Then, I call ed.ReparameterizationKLKLqp directly since I know it won’t blow up.

I can’t think of a way to do this that doesn’t expose the reparameterization in the model specification, but this solution doesn’t play nicely with ed.copy, so evaluating the model (e.g. computing coefficient of determination) requires pulling out the coefficients and computing things outside of Edward/Tensorflow.

If you’d like to use the local reparameterization trick, “expos[ing] the reparameterization in the model specification” is the proper approach. Namely, define the model marginalizing out the weights and where the neurons are random. Inference should be over logodds, scale, and eta given y and x.

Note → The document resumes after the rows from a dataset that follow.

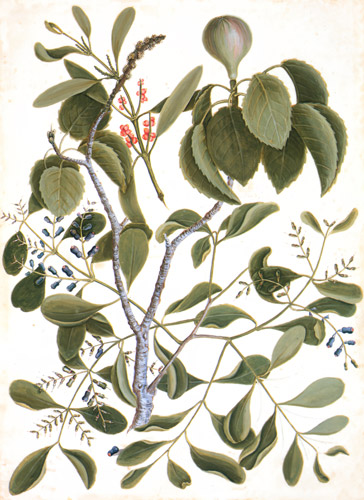 Hippomane mancinella, Dendropenron purpureus, Phoradendron rubrum [Mark Catesby,  from Mark Catesby’s Natural History of America]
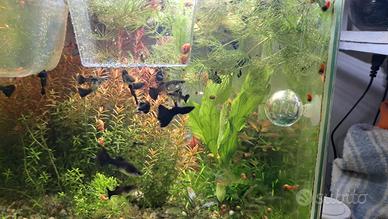 Guppy full black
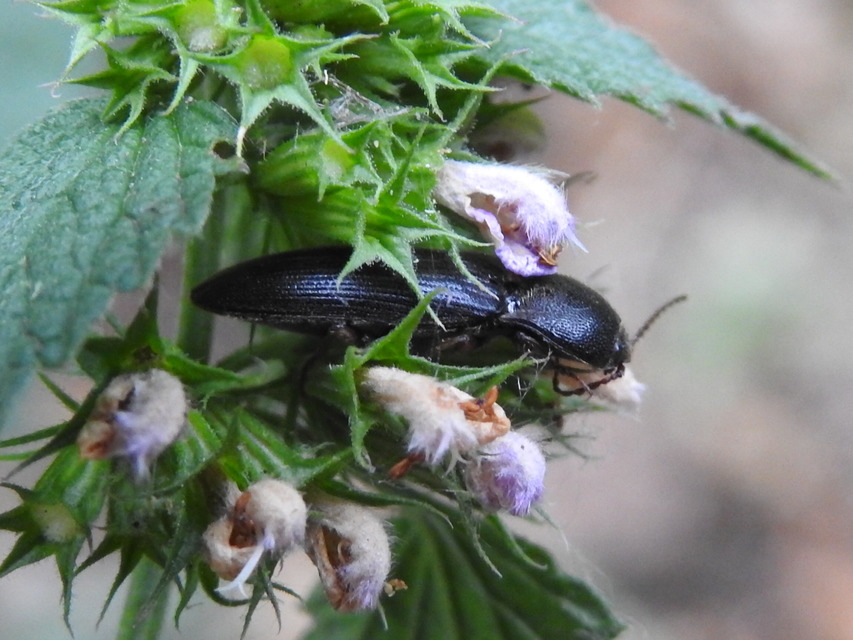 Melanotus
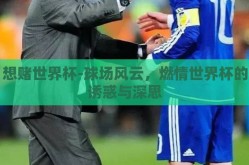 想赌世界杯-球场风云，燃情世界杯的诱惑与深思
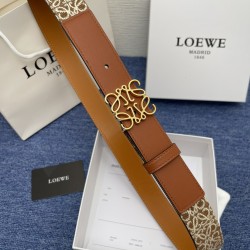 LOEWE Belts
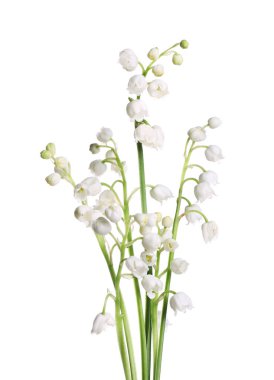 Vadinin güzel zambakları beyaz arka planda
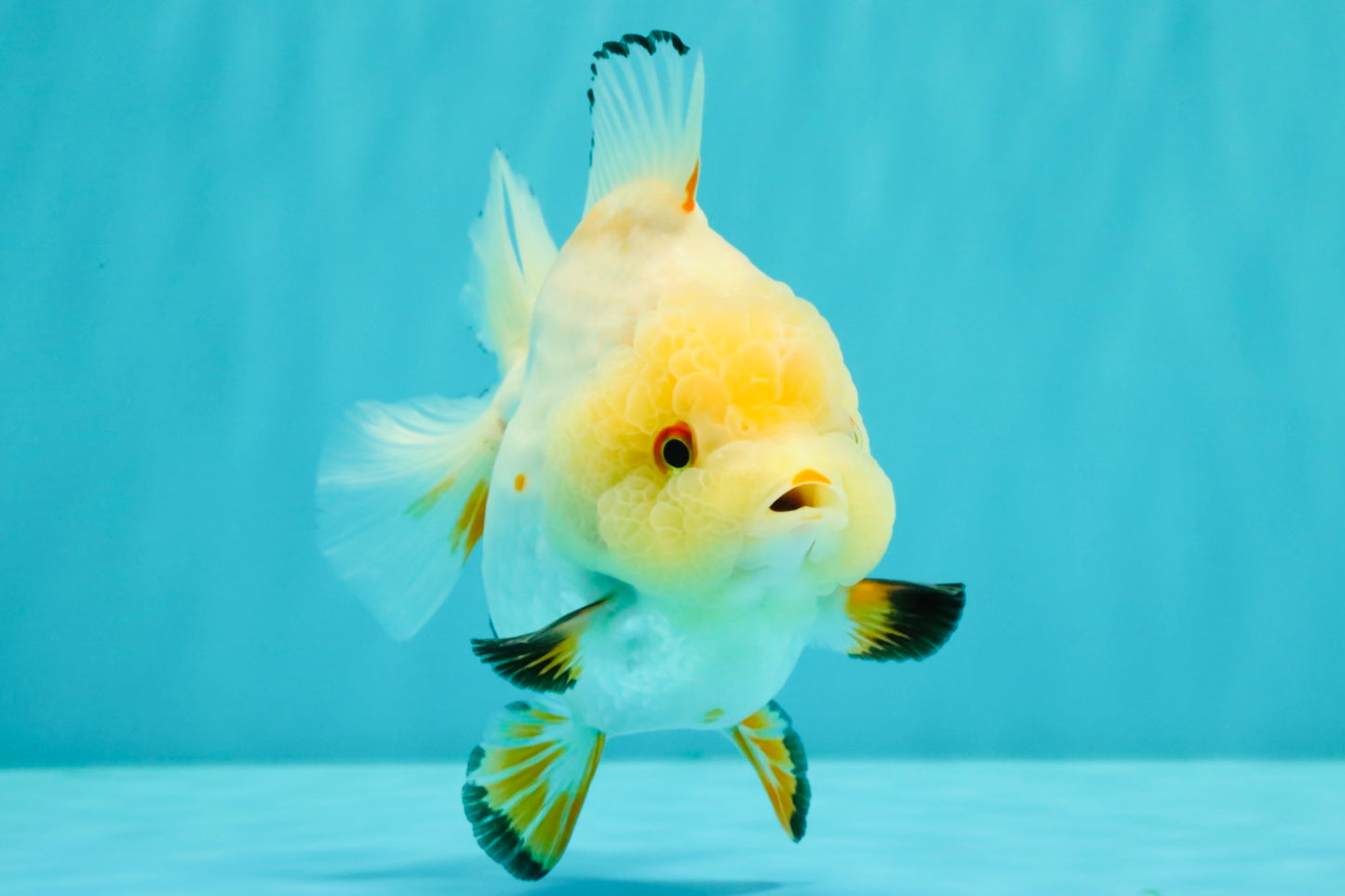 A Grade Chicken White Yuanbao Female 5 inches #062626YB_15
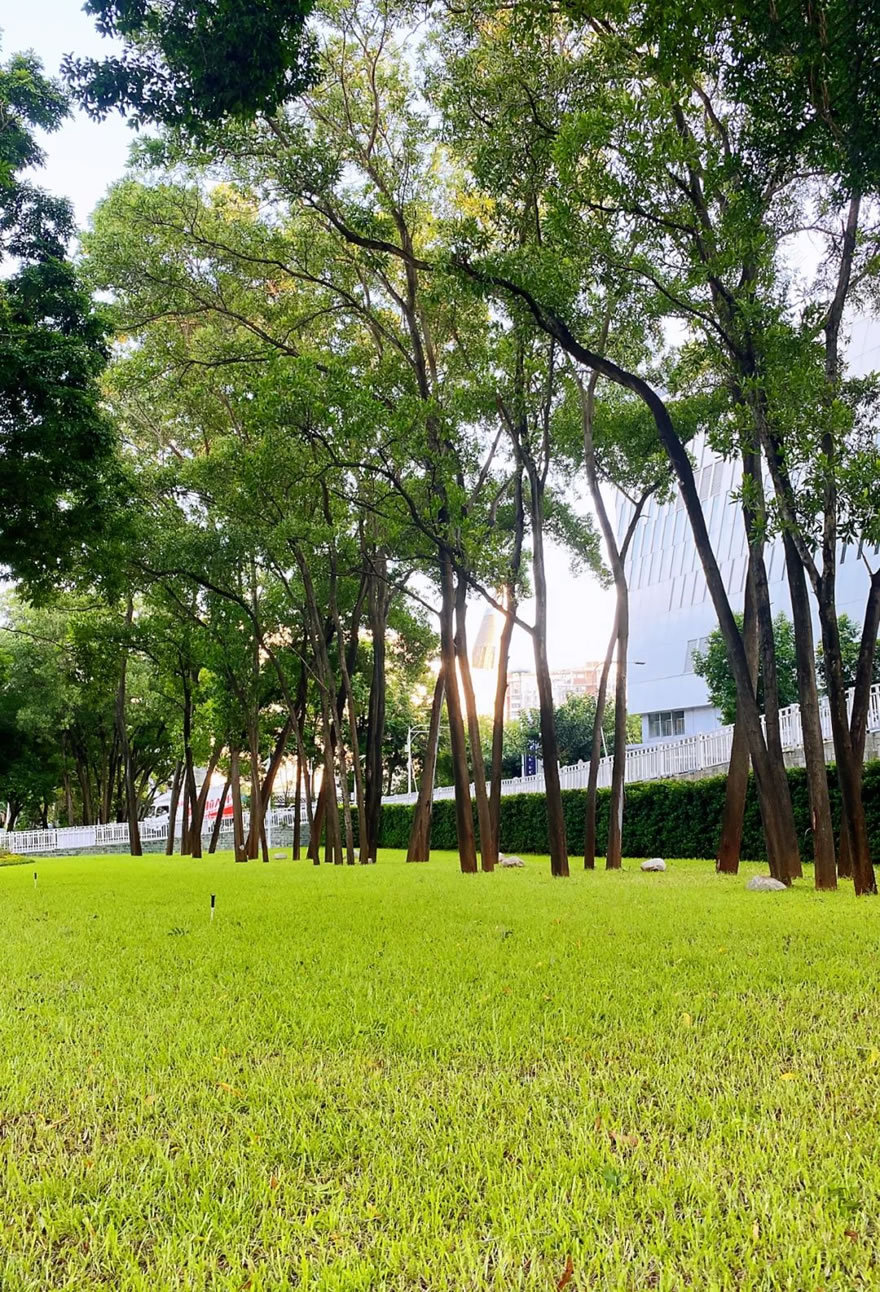 深圳福田侨香路景观提升丨中国深圳丨深圳文科园林股份有限公司-110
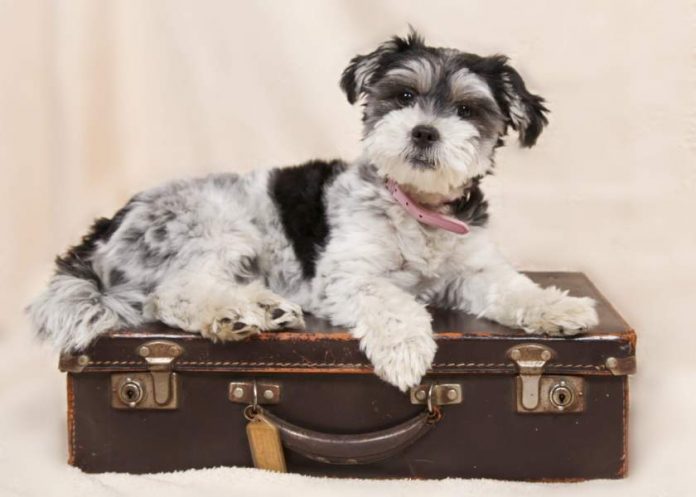 PIXABAY Suitcase and dog-4072653_1920 Need help with pets?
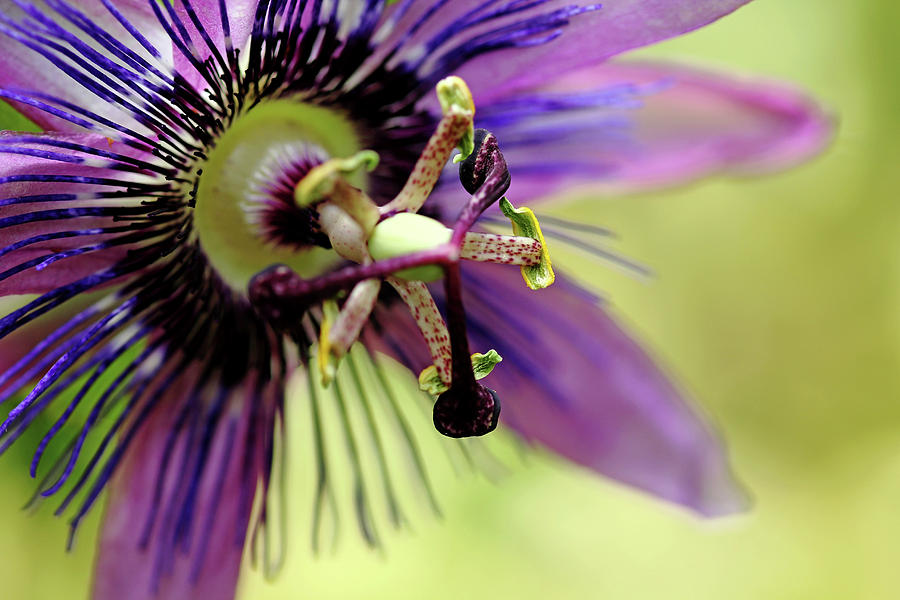 Nature Photograph - Purple Passion Flower by Debbie Oppermann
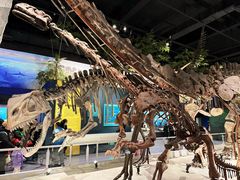 -国家自然博物馆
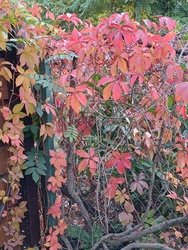 És megint a vadszőlő....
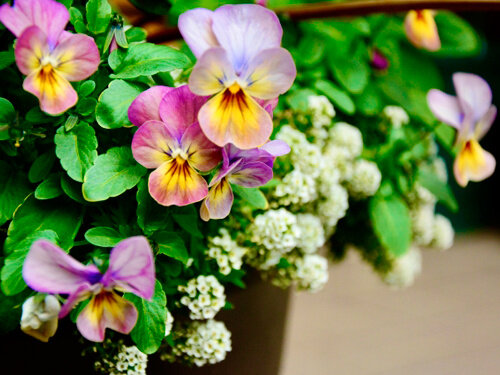 求人ボックス 花苗生産の仕事 求人情報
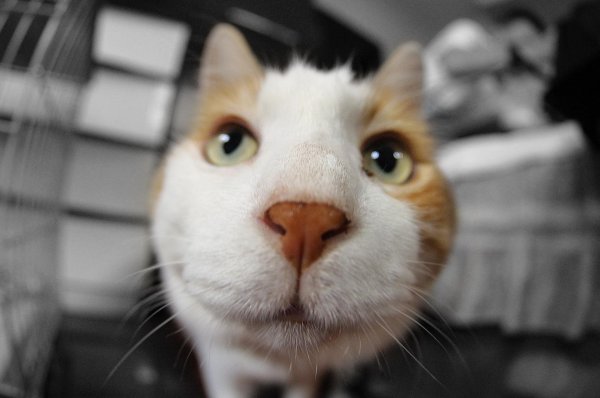 морда кота смешная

Alternatively, you can build a new inference algorithm to try to automate local reparameterizations. That said, I prefer the former approach because I personally view the technique more as a choice of model parameterization for efficient VI in the same way we might use non-centered parameterizations for efficient HMC.

this solution doesn’t play nicely with ed.copy, so evaluating the model (e.g. computing coefficient of determination) requires pulling out the coefficients and computing things outside of Edward/Tensorflow.

Given parameters for the marginal distribution on the neurons, you can calculate the parameters for the distribution on the weights—all in Edward/TensorFlow (there’s a 1-1 mapping as in, e.g., Eq 6 of their paper).